● What the task asks: Once you find the line with "Opel Insignia 2.0cdti Innovation - cover", copy it and every line after it through the end of the entries below, exactly as written.

● Data records:

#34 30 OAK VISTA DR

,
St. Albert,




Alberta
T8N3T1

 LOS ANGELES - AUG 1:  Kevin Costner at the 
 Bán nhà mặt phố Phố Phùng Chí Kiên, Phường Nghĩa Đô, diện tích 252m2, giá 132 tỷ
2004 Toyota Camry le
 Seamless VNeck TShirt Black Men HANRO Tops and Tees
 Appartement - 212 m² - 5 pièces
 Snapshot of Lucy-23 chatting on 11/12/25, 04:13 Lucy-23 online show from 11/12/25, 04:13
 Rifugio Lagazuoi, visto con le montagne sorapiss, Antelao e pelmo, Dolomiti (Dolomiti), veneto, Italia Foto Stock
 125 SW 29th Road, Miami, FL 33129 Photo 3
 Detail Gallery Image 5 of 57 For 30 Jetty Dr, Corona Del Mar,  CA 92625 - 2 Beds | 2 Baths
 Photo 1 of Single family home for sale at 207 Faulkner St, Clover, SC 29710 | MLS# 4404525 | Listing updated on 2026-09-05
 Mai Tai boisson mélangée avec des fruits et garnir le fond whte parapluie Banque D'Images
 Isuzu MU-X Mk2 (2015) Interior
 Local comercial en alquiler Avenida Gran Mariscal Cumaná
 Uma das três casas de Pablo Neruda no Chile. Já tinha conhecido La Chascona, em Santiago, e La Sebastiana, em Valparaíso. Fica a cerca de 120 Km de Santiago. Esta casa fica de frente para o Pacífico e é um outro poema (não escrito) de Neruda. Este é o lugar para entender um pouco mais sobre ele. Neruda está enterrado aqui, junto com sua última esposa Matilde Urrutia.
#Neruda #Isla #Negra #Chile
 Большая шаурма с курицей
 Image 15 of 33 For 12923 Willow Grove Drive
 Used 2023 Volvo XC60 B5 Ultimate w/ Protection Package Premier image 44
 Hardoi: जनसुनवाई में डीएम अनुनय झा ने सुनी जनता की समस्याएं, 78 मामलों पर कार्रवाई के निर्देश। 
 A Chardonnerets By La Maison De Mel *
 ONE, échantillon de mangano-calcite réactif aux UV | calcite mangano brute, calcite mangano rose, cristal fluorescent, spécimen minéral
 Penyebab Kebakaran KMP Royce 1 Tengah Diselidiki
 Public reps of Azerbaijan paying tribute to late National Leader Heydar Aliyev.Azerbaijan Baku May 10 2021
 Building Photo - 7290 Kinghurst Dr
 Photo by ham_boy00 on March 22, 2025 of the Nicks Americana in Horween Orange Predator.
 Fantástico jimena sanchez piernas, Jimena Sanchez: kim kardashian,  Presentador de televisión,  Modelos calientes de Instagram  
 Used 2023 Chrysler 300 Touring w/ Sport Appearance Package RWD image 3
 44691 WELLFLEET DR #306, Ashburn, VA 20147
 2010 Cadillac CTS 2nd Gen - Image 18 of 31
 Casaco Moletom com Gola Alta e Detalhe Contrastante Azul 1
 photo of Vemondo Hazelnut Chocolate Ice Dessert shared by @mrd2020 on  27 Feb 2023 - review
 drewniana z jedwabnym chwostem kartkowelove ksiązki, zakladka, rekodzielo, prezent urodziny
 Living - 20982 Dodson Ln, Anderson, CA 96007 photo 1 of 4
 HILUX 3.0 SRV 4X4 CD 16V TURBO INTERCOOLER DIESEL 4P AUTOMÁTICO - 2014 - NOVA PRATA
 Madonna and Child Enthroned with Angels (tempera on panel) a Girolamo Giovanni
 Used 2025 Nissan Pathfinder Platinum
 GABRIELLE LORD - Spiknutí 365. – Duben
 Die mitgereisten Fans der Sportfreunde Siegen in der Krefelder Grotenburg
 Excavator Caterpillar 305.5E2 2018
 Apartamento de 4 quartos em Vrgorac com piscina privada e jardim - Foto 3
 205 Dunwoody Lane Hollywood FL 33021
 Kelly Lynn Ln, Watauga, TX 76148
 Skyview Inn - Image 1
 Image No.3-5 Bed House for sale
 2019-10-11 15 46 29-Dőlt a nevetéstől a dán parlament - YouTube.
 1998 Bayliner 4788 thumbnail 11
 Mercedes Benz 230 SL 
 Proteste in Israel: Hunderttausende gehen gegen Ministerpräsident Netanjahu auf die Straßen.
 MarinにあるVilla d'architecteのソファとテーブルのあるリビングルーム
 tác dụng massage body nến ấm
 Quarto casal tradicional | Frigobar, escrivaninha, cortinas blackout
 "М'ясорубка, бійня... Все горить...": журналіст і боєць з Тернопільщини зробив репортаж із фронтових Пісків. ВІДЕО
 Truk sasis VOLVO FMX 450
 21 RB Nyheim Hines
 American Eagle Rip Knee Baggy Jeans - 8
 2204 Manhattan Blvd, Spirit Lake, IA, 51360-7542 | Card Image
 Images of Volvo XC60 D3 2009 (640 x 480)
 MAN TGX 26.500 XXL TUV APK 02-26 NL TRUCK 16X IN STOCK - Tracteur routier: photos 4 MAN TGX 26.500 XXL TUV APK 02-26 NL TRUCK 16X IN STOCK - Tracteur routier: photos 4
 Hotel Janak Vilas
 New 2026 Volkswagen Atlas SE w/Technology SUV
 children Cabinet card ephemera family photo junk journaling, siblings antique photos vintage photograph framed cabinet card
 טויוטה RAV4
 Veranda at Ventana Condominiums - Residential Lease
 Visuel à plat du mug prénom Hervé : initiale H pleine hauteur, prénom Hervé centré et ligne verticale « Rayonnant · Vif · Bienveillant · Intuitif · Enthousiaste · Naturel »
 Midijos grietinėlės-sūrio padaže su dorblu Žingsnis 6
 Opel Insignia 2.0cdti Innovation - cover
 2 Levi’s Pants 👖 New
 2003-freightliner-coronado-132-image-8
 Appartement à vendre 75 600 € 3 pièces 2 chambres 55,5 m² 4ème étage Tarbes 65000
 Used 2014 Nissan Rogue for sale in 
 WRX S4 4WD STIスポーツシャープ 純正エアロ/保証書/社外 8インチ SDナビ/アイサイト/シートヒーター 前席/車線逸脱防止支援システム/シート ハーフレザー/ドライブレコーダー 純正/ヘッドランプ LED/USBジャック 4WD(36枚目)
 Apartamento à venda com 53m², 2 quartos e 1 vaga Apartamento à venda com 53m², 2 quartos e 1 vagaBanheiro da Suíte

● Solution to this task:
 Opel Insignia 2.0cdti Innovation - cover
 2 Levi’s Pants 👖 New
 2003-freightliner-coronado-132-image-8
 Appartement à vendre 75 600 € 3 pièces 2 chambres 55,5 m² 4ème étage Tarbes 65000
 Used 2014 Nissan Rogue for sale in 
 WRX S4 4WD STIスポーツシャープ 純正エアロ/保証書/社外 8インチ SDナビ/アイサイト/シートヒーター 前席/車線逸脱防止支援システム/シート ハーフレザー/ドライブレコーダー 純正/ヘッドランプ LED/USBジャック 4WD(36枚目)
 Apartamento à venda com 53m², 2 quartos e 1 vaga Apartamento à venda com 53m², 2 quartos e 1 vagaBanheiro da Suíte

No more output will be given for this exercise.